View from Pax, study (2004), by Mary Adam
(Pastel study of view from Pax Guest House, Mount St. Benedict, Trinidad)

It was Holy Week, so I went out to stay in a little Benedictine monastery in the hills behind Port of Spain. They maintain a guest house where many people go for the cool air....

On Good Friday pilgrims of all races and creeds assembled to kiss the Cross from all parts of the island--Hindus, Protestants, Chinese--and for Easter morning the church and courtyard of the monastery were packed with a dense crowd. They began arriving at about ten on Saturday evening, and all through the night we could hear the chatter and the padding of bare feet as they climbed past the guest house. The first Mass was said before dawn, and after it the great crowd formed a procession, each carrying a candle in a coloured paper shade. As the only white man present I found a torch thrust in my hands to carry in front of the Host. The line of coloured lights wound down the steeply graded hill road and climbed back again to the church, and just as we reached the summit again day began to break over the hills and there was a feeling of New Year.


-- From the closing paragraphs of Evelyn Waugh's Ninety-two Days: A Journey in Guiana and Brazil, which I've been reading recently.

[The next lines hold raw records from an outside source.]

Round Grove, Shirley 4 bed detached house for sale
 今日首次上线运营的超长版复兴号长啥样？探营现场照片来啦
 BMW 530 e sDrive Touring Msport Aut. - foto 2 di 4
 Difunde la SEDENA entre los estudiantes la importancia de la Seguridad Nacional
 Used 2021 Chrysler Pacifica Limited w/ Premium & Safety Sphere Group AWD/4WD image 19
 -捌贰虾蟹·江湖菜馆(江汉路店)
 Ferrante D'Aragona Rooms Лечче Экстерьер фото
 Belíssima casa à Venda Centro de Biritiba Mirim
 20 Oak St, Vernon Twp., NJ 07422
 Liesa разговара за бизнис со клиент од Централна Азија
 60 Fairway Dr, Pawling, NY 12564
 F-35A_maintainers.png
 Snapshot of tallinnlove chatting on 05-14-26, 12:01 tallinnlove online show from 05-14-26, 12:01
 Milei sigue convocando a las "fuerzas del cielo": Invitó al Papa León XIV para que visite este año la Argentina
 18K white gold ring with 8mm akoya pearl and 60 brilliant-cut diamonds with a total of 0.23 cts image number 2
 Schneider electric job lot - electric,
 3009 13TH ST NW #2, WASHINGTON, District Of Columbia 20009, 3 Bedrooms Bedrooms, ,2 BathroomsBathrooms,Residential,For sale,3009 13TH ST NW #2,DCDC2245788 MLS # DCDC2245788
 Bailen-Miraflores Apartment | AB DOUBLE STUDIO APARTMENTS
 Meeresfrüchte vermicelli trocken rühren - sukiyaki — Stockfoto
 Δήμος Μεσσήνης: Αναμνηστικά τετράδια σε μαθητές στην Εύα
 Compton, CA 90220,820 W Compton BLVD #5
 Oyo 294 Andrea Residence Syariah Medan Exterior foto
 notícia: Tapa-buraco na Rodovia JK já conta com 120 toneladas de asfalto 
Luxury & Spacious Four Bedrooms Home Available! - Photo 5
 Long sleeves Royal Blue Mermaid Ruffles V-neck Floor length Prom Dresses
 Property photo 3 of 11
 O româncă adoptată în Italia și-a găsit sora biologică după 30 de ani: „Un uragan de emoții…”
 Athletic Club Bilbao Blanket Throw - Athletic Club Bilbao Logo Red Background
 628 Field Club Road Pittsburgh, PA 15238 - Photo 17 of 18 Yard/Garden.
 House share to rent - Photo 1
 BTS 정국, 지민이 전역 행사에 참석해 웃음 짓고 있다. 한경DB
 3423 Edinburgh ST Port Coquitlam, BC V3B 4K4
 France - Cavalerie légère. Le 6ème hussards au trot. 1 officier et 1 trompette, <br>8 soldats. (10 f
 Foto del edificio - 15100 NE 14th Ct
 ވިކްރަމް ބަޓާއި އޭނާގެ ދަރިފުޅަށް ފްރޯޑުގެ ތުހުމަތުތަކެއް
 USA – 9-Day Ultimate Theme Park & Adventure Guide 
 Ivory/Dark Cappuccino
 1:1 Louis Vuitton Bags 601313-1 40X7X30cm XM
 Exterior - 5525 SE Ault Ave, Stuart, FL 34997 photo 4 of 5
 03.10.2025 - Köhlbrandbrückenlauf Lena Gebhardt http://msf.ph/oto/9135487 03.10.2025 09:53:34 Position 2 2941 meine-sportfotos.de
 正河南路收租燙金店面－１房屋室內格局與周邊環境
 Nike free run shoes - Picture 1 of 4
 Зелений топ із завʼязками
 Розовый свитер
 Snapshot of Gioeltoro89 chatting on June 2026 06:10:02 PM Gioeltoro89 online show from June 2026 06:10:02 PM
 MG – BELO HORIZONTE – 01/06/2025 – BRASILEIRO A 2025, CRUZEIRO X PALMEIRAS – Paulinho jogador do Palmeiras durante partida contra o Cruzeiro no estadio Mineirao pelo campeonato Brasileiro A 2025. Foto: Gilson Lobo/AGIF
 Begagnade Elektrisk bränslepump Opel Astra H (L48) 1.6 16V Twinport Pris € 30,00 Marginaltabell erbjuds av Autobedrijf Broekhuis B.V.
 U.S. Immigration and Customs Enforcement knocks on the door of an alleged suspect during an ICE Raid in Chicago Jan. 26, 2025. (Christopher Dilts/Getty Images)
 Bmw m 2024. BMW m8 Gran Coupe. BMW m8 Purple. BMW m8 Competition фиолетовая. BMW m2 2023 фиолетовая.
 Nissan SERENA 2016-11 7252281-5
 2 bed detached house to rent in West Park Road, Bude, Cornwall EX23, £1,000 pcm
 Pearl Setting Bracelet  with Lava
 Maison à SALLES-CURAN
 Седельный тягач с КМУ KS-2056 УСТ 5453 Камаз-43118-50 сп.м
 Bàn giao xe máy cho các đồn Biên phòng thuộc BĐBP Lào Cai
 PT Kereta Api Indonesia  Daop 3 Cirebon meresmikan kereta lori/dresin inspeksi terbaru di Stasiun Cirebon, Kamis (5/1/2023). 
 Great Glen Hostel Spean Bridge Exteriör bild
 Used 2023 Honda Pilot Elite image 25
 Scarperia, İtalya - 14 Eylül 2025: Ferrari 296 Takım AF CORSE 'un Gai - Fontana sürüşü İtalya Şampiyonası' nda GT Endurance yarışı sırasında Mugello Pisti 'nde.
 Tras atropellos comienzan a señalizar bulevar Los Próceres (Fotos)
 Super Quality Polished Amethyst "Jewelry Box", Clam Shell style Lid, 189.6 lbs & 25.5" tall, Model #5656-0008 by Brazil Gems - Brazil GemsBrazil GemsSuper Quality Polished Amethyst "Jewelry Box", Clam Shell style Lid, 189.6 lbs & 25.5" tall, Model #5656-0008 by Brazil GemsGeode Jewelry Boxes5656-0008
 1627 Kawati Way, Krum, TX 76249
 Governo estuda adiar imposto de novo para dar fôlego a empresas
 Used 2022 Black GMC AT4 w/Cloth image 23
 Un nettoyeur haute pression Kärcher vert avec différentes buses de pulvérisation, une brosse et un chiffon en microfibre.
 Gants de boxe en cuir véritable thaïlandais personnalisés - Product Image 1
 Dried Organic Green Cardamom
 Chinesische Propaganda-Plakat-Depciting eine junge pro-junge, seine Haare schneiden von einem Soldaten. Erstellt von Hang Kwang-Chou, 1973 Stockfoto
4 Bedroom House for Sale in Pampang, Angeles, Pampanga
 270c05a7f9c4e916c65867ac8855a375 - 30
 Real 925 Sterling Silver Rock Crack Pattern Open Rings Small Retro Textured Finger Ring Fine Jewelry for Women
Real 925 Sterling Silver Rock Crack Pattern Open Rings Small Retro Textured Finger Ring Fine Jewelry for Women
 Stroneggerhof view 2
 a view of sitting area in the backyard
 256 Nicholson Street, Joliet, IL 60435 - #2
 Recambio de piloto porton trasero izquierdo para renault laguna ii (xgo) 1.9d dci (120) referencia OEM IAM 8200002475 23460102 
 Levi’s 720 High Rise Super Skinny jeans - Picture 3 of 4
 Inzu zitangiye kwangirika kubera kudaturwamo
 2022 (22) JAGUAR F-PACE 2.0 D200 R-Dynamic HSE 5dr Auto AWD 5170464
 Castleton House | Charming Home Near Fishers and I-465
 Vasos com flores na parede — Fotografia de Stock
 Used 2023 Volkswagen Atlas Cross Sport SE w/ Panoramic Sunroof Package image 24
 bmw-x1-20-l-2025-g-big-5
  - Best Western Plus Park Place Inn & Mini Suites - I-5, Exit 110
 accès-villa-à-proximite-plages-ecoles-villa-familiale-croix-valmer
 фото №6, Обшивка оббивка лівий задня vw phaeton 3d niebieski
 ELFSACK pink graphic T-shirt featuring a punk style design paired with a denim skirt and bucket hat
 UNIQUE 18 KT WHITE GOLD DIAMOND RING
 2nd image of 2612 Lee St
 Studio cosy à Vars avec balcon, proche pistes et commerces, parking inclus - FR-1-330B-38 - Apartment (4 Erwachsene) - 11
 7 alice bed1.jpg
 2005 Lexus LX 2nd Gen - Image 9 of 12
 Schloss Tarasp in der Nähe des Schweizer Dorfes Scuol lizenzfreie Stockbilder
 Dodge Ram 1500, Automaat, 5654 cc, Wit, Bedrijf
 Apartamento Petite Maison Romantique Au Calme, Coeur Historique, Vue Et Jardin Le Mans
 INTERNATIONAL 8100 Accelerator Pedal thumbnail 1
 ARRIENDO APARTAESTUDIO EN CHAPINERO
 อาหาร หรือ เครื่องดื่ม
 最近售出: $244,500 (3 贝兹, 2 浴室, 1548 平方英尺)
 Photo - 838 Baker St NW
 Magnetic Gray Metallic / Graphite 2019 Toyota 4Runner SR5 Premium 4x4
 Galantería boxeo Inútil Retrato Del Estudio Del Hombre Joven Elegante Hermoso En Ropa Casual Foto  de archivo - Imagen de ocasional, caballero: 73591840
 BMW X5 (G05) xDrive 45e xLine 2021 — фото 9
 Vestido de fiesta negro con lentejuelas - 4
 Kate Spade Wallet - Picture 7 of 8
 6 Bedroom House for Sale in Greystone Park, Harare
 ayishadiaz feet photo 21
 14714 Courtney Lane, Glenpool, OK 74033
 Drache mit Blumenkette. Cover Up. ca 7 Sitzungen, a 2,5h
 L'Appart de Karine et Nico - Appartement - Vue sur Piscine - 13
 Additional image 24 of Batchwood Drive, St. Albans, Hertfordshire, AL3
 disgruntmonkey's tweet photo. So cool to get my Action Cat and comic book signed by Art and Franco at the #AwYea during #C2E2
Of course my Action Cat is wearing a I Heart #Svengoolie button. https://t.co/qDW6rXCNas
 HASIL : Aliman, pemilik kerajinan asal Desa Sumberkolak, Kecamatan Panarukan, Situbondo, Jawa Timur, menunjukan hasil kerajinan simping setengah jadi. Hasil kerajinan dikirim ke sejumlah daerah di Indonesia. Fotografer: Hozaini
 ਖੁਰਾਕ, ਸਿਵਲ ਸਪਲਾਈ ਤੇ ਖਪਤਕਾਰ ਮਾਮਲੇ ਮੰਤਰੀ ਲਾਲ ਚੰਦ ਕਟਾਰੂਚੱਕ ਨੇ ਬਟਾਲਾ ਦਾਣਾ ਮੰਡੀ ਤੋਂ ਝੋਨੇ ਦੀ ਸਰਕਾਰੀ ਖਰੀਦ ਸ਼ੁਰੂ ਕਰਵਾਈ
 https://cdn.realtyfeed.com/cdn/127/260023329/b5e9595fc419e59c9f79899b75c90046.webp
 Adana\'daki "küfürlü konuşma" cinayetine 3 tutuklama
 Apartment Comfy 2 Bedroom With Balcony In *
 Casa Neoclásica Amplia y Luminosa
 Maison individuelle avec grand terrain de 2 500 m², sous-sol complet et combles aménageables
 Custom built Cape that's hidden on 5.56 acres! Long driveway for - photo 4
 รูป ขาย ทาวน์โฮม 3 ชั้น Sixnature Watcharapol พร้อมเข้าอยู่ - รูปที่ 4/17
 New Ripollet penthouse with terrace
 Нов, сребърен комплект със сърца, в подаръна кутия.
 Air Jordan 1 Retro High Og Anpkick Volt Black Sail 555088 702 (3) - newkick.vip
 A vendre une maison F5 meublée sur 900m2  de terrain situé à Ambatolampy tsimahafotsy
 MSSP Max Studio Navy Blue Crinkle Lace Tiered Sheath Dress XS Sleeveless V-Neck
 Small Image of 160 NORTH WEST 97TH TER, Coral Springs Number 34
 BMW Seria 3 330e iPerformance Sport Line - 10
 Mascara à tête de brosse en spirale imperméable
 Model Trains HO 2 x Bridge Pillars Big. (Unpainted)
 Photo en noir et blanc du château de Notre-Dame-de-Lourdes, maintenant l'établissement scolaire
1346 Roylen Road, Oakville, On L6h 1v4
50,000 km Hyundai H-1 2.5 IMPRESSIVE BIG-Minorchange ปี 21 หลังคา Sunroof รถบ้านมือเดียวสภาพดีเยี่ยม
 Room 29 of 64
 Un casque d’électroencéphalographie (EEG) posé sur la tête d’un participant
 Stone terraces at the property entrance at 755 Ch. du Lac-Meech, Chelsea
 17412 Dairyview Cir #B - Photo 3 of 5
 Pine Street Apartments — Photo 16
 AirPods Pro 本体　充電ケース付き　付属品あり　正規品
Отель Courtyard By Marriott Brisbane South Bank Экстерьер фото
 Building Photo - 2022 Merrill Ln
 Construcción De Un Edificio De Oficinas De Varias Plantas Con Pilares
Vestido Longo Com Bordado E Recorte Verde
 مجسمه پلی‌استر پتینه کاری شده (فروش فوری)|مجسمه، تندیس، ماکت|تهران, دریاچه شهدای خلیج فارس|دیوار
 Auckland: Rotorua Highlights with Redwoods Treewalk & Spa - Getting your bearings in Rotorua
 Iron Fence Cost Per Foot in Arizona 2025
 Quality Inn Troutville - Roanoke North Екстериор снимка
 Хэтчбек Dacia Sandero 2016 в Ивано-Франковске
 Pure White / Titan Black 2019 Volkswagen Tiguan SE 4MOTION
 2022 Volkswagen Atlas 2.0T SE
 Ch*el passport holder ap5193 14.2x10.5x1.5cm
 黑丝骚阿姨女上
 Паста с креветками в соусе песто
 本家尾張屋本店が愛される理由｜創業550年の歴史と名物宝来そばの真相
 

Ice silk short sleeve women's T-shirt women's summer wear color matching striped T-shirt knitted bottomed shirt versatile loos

Friday afternoon I took what may well become a traditional Good Friday drive up to Mount St. Benedict (second year we've done it) with my friend Georgia Popplewell, who sneakily brought along her audio recording equipment. (I got into the car & she thrust a microphone into my hands.) The result is another podcast over at Georgia's Caribbean Free Radio, in which Georgia can be heard discoursing fluently about history, topography, zoology, theology, architecture, etc, & I can be heard giggling & confidently making various inaccurate or inane comments. (I also mention the passage from Ninety-two Days quoted above.) Towards the end of the podcast you'll hear me rashly promising to do this again next year, when I hope I'll manage to stick to subjects I actually know something about.